» Records provided
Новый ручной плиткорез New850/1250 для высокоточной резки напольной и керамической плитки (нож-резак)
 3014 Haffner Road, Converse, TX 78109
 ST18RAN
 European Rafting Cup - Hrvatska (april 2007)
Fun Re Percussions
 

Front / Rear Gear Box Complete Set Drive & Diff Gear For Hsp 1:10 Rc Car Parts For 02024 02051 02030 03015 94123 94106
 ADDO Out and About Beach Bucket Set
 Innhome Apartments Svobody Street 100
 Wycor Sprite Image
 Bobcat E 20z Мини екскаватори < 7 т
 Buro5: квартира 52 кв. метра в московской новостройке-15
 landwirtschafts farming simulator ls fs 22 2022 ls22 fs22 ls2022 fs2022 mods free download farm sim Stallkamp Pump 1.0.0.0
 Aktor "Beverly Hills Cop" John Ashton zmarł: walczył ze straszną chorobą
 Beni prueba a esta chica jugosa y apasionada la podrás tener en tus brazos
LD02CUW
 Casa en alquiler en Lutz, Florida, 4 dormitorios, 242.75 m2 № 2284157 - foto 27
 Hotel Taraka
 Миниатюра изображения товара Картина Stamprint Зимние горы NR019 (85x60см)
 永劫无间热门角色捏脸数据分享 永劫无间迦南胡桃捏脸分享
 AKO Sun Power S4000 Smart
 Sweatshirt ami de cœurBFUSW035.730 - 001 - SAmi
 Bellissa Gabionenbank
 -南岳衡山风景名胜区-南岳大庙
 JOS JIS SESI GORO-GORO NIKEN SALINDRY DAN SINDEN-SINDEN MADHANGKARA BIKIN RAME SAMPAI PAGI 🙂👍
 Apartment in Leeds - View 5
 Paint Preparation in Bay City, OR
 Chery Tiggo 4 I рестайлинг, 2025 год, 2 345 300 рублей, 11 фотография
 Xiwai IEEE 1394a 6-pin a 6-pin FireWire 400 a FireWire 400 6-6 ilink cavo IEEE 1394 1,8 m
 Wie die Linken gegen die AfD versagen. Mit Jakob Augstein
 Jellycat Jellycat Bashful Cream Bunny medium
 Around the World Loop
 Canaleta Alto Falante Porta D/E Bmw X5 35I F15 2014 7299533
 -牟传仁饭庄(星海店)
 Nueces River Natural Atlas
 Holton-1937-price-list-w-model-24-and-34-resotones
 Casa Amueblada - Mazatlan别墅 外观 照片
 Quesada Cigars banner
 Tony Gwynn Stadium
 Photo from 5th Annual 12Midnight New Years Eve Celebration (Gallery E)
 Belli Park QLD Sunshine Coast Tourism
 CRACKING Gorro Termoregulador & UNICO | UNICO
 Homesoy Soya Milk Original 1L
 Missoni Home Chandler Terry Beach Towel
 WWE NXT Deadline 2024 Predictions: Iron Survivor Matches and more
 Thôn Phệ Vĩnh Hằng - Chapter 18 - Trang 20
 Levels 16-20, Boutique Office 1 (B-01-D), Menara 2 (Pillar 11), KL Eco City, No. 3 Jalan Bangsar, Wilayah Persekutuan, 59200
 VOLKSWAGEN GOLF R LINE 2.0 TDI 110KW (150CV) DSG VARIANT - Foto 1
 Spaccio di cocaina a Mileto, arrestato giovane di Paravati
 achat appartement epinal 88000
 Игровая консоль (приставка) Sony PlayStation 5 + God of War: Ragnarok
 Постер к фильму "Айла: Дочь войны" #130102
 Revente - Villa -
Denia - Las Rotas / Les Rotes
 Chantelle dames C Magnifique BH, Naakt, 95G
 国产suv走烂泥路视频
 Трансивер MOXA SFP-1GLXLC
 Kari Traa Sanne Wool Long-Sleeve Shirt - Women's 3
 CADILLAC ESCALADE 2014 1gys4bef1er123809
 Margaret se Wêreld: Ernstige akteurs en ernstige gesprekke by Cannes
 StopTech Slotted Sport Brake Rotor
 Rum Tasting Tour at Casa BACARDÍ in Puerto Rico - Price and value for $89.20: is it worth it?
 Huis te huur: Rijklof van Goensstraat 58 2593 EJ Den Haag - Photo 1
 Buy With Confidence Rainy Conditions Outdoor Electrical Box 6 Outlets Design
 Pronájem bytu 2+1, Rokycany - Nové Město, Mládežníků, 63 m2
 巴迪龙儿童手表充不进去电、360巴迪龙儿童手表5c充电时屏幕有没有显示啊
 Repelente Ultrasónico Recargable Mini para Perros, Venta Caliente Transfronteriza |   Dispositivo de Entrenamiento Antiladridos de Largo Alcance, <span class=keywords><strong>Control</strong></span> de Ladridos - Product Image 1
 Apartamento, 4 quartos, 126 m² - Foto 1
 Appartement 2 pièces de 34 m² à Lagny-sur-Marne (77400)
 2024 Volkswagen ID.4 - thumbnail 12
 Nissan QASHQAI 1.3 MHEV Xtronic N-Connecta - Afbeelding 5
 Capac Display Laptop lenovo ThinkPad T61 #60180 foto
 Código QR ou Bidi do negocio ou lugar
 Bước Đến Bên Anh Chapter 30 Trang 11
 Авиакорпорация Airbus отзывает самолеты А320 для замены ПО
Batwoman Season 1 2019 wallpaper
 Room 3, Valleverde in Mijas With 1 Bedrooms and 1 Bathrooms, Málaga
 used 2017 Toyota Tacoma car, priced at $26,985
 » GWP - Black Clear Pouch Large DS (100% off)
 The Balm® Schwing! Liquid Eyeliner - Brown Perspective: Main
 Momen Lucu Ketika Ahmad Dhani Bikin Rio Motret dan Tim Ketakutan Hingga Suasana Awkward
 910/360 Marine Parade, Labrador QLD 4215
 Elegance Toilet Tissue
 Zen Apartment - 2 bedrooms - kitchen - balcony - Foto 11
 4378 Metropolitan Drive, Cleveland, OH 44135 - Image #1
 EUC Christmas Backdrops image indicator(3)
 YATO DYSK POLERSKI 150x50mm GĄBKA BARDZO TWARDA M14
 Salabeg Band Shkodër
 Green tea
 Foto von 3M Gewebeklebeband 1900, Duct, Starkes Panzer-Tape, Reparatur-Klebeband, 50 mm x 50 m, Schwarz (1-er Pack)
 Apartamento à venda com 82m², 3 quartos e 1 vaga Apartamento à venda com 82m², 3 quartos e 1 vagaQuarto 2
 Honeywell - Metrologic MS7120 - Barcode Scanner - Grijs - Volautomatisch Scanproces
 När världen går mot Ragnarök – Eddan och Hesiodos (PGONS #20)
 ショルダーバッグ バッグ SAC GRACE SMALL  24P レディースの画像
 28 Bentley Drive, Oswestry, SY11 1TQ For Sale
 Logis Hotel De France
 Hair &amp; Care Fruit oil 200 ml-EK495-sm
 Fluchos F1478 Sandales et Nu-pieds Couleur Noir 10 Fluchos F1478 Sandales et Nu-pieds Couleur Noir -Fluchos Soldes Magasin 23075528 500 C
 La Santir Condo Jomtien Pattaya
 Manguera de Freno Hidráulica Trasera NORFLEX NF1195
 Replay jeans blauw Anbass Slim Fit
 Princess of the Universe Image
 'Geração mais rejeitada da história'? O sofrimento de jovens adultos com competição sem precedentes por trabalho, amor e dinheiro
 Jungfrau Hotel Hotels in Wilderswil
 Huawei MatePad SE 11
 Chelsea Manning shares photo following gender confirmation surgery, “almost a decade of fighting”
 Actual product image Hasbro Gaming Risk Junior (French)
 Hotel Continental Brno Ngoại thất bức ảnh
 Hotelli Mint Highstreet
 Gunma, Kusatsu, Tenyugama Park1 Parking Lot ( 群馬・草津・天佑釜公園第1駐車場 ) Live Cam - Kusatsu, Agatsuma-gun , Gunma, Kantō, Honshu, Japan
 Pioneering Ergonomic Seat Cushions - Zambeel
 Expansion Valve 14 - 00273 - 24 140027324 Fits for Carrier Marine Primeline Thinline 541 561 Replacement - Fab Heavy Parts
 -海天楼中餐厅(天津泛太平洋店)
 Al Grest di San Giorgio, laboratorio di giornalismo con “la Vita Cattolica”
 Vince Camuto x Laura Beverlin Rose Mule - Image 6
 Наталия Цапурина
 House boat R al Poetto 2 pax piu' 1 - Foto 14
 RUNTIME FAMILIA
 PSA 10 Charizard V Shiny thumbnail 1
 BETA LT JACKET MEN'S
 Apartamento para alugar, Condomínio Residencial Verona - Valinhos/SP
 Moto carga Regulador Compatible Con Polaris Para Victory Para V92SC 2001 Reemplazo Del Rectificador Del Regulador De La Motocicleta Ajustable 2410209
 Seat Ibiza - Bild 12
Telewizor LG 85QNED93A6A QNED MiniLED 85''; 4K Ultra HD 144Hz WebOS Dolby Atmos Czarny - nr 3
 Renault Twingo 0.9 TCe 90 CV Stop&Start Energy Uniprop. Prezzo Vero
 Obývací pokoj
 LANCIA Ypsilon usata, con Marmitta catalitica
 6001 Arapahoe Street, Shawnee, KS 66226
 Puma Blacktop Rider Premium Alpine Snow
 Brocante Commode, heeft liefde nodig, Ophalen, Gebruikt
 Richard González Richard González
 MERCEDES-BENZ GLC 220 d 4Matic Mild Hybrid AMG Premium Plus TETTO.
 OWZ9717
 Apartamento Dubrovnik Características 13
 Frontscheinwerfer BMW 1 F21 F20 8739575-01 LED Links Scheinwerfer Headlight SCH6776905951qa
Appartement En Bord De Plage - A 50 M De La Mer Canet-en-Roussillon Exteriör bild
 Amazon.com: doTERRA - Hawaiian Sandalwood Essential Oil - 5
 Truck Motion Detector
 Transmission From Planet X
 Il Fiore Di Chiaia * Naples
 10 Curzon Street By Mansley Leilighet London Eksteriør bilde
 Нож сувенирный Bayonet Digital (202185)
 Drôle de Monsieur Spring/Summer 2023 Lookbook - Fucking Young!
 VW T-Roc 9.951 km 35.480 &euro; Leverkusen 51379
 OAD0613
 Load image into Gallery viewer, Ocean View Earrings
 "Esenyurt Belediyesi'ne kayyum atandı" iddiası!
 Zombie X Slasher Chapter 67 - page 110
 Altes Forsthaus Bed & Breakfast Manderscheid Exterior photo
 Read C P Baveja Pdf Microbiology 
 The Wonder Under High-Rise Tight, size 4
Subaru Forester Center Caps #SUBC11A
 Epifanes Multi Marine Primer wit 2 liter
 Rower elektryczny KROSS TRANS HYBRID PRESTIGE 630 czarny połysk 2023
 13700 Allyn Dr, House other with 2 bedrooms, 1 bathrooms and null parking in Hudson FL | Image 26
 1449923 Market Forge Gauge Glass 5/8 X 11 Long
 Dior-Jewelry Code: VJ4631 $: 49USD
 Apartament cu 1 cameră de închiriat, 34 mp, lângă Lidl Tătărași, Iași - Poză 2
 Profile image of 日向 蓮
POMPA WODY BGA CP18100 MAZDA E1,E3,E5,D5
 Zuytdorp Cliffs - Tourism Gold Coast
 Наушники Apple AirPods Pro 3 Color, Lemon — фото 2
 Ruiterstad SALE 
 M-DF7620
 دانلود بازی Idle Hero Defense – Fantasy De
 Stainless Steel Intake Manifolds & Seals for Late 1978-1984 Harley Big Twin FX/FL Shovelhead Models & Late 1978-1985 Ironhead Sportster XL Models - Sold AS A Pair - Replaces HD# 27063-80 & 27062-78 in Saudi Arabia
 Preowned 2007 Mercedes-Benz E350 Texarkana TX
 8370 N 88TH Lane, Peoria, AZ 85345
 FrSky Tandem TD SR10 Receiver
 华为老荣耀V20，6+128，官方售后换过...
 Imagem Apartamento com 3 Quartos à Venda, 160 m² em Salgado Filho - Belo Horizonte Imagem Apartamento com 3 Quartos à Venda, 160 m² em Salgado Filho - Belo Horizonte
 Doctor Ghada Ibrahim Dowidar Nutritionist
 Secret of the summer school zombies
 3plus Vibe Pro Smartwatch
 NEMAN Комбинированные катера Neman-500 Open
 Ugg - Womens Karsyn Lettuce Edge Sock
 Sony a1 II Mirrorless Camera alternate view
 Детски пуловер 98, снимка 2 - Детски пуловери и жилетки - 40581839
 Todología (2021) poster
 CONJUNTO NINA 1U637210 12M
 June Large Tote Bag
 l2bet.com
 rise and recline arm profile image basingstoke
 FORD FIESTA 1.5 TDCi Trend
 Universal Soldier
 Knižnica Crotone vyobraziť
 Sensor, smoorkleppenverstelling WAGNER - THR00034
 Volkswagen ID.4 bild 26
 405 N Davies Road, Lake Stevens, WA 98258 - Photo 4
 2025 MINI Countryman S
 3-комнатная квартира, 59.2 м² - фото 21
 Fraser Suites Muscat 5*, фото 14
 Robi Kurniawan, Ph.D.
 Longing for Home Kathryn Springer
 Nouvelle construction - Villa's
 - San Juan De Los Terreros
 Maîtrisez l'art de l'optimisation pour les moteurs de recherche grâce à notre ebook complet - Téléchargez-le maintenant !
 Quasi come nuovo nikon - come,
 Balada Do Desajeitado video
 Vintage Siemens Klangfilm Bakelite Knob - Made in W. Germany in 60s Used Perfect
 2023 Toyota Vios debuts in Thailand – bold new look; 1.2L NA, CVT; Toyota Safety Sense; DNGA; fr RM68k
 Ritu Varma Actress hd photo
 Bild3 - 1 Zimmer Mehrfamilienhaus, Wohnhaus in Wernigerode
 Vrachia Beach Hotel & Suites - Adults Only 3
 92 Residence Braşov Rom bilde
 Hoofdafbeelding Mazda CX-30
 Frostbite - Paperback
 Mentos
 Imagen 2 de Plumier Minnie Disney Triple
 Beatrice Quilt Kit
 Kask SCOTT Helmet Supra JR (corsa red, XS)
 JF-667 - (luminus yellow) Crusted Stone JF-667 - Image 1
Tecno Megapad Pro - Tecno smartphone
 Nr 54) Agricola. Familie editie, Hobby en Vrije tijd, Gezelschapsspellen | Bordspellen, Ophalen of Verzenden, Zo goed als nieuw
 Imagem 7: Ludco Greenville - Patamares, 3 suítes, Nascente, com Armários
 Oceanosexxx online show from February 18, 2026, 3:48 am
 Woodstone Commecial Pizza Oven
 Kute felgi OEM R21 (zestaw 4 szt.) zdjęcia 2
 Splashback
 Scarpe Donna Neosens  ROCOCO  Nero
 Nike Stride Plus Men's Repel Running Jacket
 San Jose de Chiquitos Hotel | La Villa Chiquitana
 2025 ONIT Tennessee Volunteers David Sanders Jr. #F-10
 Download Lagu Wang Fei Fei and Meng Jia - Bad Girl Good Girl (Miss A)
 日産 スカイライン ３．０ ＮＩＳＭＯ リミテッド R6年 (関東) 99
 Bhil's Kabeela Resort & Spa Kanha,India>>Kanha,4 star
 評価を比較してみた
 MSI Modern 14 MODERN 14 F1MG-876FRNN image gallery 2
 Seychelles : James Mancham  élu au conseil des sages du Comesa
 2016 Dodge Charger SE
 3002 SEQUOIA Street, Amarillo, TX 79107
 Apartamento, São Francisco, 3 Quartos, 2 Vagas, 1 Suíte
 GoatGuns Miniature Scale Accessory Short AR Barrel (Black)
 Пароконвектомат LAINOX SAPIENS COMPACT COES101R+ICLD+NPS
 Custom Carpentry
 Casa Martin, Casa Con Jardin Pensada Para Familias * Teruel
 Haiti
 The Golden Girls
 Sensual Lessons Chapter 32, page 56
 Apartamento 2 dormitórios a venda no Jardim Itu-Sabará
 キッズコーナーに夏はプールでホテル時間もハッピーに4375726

» Work to complete
Working from the material above, restate word for word the lines between the line with "Levels 16-20, Boutique" and the line with "Huis te huur: Rijklof", both included, and only those.

» Solution to the exercise
 Levels 16-20, Boutique Office 1 (B-01-D), Menara 2 (Pillar 11), KL Eco City, No. 3 Jalan Bangsar, Wilayah Persekutuan, 59200
 VOLKSWAGEN GOLF R LINE 2.0 TDI 110KW (150CV) DSG VARIANT - Foto 1
 Spaccio di cocaina a Mileto, arrestato giovane di Paravati
 achat appartement epinal 88000
 Игровая консоль (приставка) Sony PlayStation 5 + God of War: Ragnarok
 Постер к фильму "Айла: Дочь войны" #130102
 Revente - Villa -
Denia - Las Rotas / Les Rotes
 Chantelle dames C Magnifique BH, Naakt, 95G
 国产suv走烂泥路视频
 Трансивер MOXA SFP-1GLXLC
 Kari Traa Sanne Wool Long-Sleeve Shirt - Women's 3
 CADILLAC ESCALADE 2014 1gys4bef1er123809
 Margaret se Wêreld: Ernstige akteurs en ernstige gesprekke by Cannes
 StopTech Slotted Sport Brake Rotor
 Rum Tasting Tour at Casa BACARDÍ in Puerto Rico - Price and value for $89.20: is it worth it?
 Huis te huur: Rijklof van Goensstraat 58 2593 EJ Den Haag - Photo 1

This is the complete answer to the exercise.